Author Grace Lin. Photo Credit: Danielle Tait.

I'​m pretty used to getting messages from readers who are offended by my work. Usually, they are fellow Asians upset that my work isn’t authentic to their experience (I get a fair amount of flack for portraying light-skinned Asians or Asians in the stereotypical haircut of heavy bangs) and I actually really do understand it.

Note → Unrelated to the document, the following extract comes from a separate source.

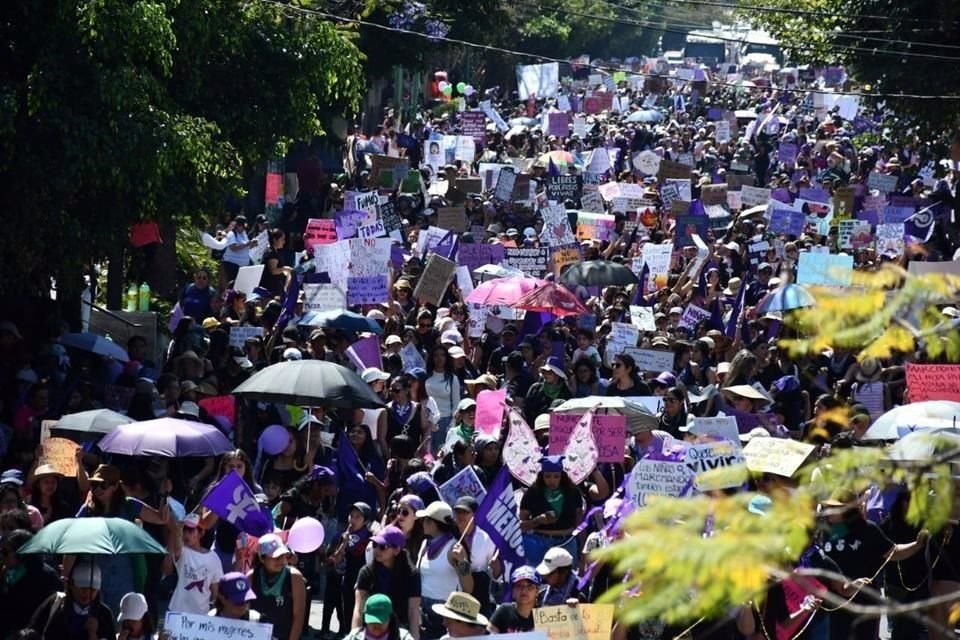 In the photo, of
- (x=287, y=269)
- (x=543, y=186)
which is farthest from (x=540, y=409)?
(x=543, y=186)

I don’t like it, but I understand it and I’ve learned to accept that once a reader has the book, it’s no longer mine.

where the mountain meets the moon

Tonight, I received a message from a reader upset that I made a point that Minli (in “Where the Mountain Meets the Moon”) was not brown like the rest of the mud-covered village and how I had made a negative association with brown. All I could say was that I sorry and I’d try to be more aware in the future.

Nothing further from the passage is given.